West News Wire: A day after the Israeli army razed homes in an area where hundreds of Palestinians fear displacement, a rights group said Israel advanced plans for the construction of more than 4,000 dwellings in illegal Israeli settlements in the occupied West Bank.
After a meeting of Israel’s Higher Planning Council, which convened to sanction the development, Peace Now, an anti-settlement group, supplied the figure. The watchdog reported that 2,791 structures gained final approval and 1,636 received an initial nod at the conference.
Three prominent human rights organizations, among others, have called Israel’s actions apartheid, a charge Israel denies.
“The state of Israel took another fall down the abyss and further deepened the occupation,” tweeted Hagit Ofran of Peace Now.
“It’s bad news for Israel and for anyone who cares about the people in our region,” she said.
There was no immediate Israeli government statement, but responding on Twitter to Peace Now’s tally, Israeli Interior Minister Ayelet Shaked called it “a festive day for the settlement of Judea and Samaria” the names Israel uses for the occupied West Bank.
Last week, Shaked announced the plan to approve the new homes, and the administration of United States President Joe Biden voiced its “strong” opposition in response.
“Israel’s program of expanding settlements deeply damages the prospect for a two-state solution,” the US Department of State said last week.
In the West Bank city of Ramallah, Bassam al-Salhe, a member of the Executive Committee of the Palestine Liberation Organization, urged Palestinians to “step up their struggle in the face of these settlement projects”.
He also called on the international community “to take deterrent action against Israel to compel it to stop settlement and its aggression against our Palestinian people”.
The plan to construct 4,000 more homes is the biggest advancement of settlement projects since the Biden administration took office. The White House opposes settlement construction because it further erodes the possibility of an eventual two-state solution to the Israeli-Palestinian conflict.
Israeli settlements are fortified, Israeli-only housing complexes built on Palestinian land in violation of international law. Between 600,000 and 750,000 Israeli settlers live in at least 250 illegal settlements in the West Bank and occupied East Jerusalem.
Settler attacks against Palestinians and their property are a regular occurrence in the West Bank, home to nearly three million Palestinians.
Israeli Prime Minister Naftali Bennett, who once led the main settler organisation, is opposed to Palestinian statehood.
Israel approved the construction of 3,000 settler homes in October despite another US rebuke.

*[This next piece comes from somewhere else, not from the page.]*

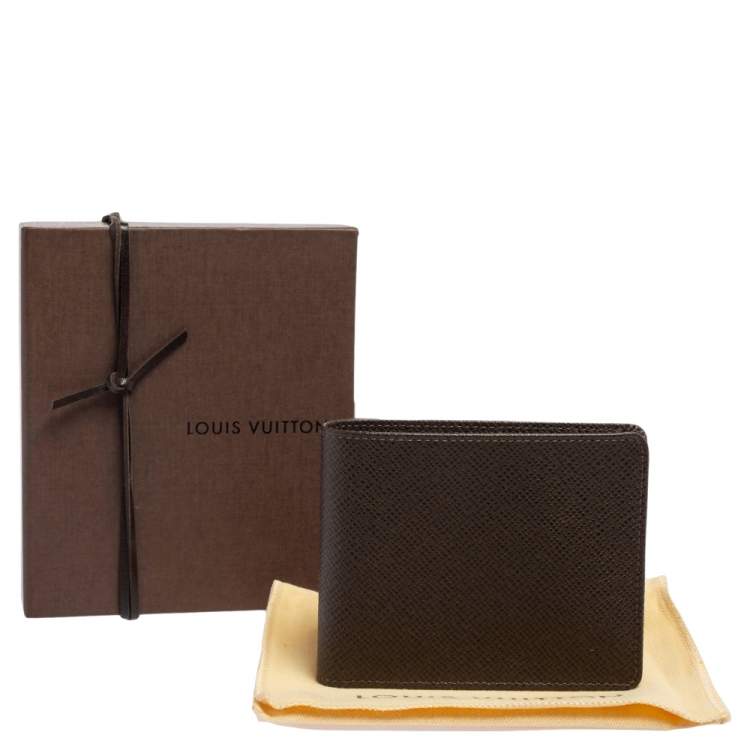 Pre Owned Louis Vuitton Brown Taiga Leather Bifold Compact Wallet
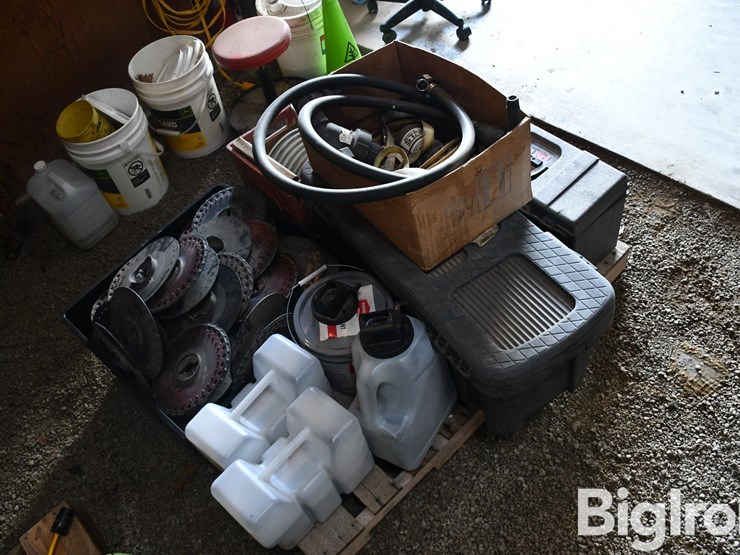 pallet-of-farm-support-image-5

Masafer Yatta is comprised of 19 Palestinian villages that are home to more than 2,000 people. The forcible transfer of the entire population would be one of the largest single displacements of Palestinians for decades.
International law prohibits the use of an occupied territory for a purpose that serves only the occupier and not the occupied population. International law also prohibits the forcible transfer of an occupied population altogether.